Amaranthus gasped as though he’d punched her in the stomach, and looked up, wide-eyed. His father reacted in much the same way, though in a more stoic and soldierly fashion.

“God,” William said softly. He stood quite still for a moment, thinking, then shook himself back into order.

“He’s on his way to Charles Town,” Lord John said, and blew out a long breath. “Going to have a look at the fortifications. He’ll be back in a week or two.”

William and Lord John exchanged a brief look, glanced together at Amaranthus, then back at each other.

“I—don’t suppose it’s news that will spoil with keeping,” William said awkwardly. “I’ll…just go and tell Cook about the tea.”
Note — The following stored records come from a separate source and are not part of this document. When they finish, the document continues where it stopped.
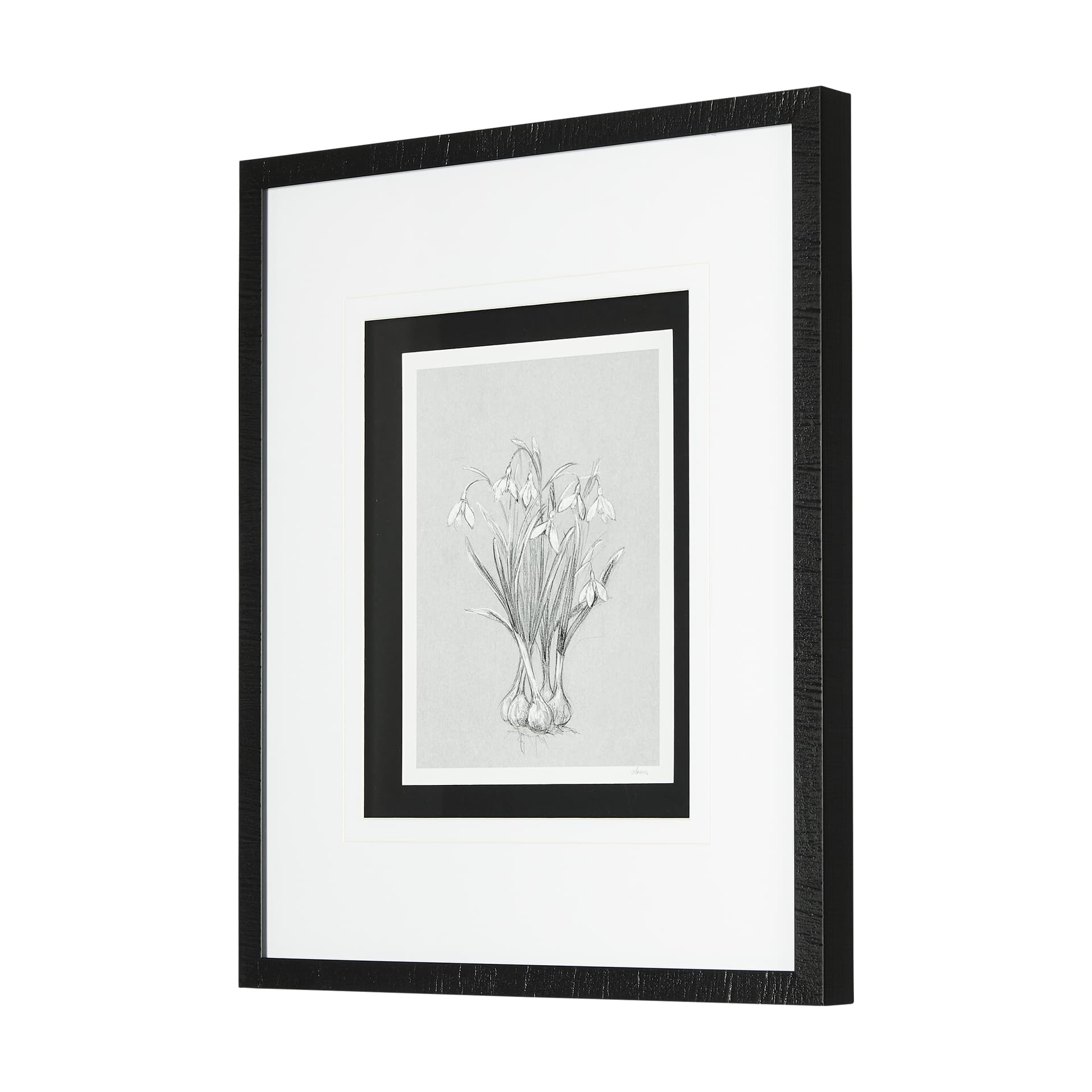 Botanical sketches VI (Grey) by Mercana Studio Hand Embellished Framed Art Print Matted under Glass — product photograph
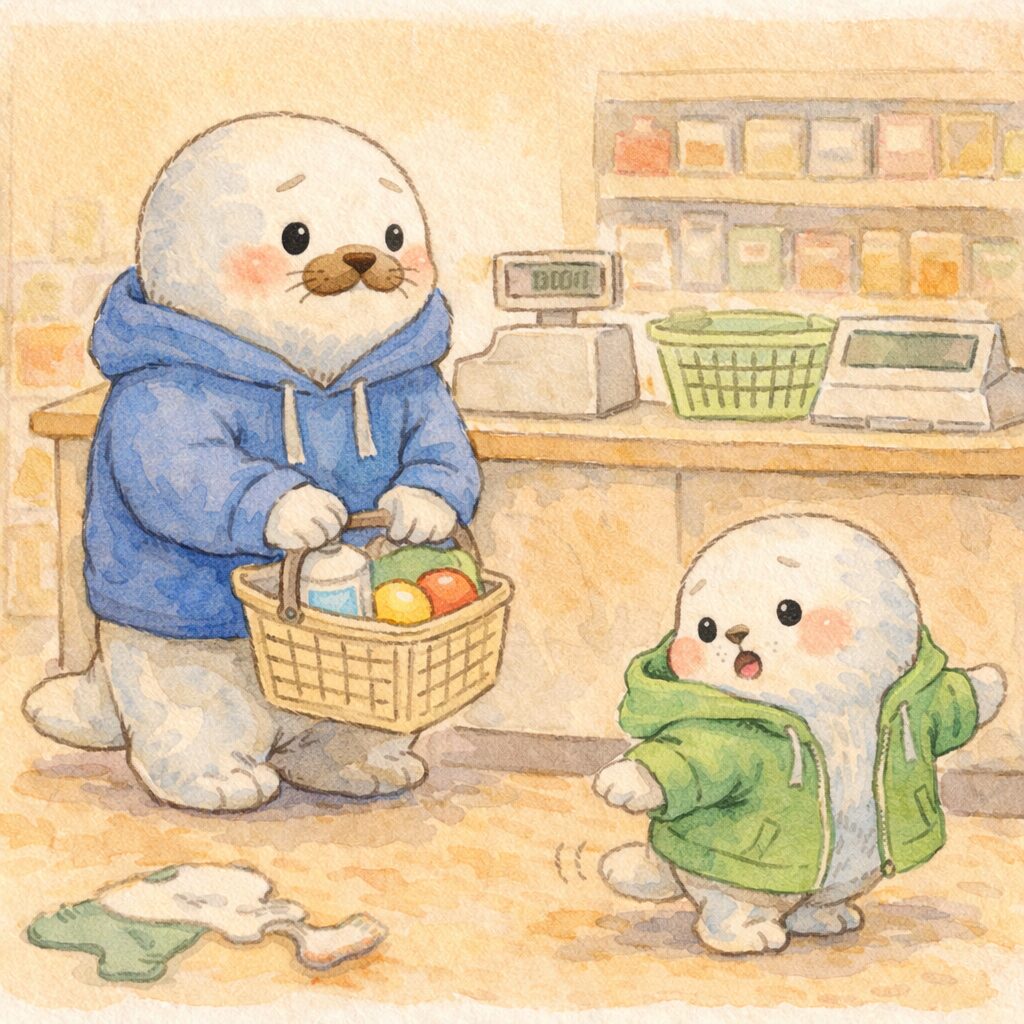 レジに並ぶ親あざらしの隣で落ち着かずうろうろする子どもあざらし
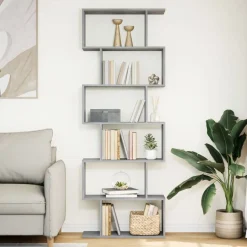 vidaXL Estanterías-Librería divisora 6 niveles madera gris hormigón 70x24x193 cm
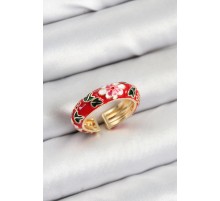 Pirinç Kırmızı Mineli Çiçek Motifli Gold Renk Ayarlanabilir Kadın Yüzük - TJ-BYK3809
“Wait.” Amaranthus’s voice stopped him at the door, and he turned. She was still pale and curdled, and her hands were knotted just under her breasts, as though to keep her heart from escaping. She had regained her self-possession, though, and her voice trembled only a little as she focused her gaze on Lord John.

“I have to tell you something, Uncle John.”

“No,” William said quickly. “You don’t need to say anything right now, cousin. Just—just rest a bit. You’ve had a shock. So have we all.”

“No,” she said, and shook her head slightly, dislodging a few blond strands. “I do.” She made an effort to smile at William, though the effect was rather ghastly. His own heart felt like a stone in his chest, but he did his best to smile back.

Lord John rubbed a hand down over his face, then went to the sideboard, where he took down a bottle and shook it experimentally. It sloshed reassuringly.

“Sit down, Willie,” he said. “Tea can wait. Brandy can’t.”

WILLIAM WONDERED VAGUELY
just how much brandy his father and uncle got through in a year. Beyond its social functions, brandy was the usual first resort of either man, faced with any crisis of either a physical, political, or emotional nature. And given their mutual profession, such crises were bound to occur regularly. William’s own first memory of having been given brandy dated from the age of five or so, when he had climbed up the stable ladder in order to get on the back of Lord John’s horse in its stall—something he was firmly forbidden to do—and had been promptly tossed off by the startled horse, smacking into the wall at the back of the stall and sinking, dazed, into the hay between the horse’s back hooves.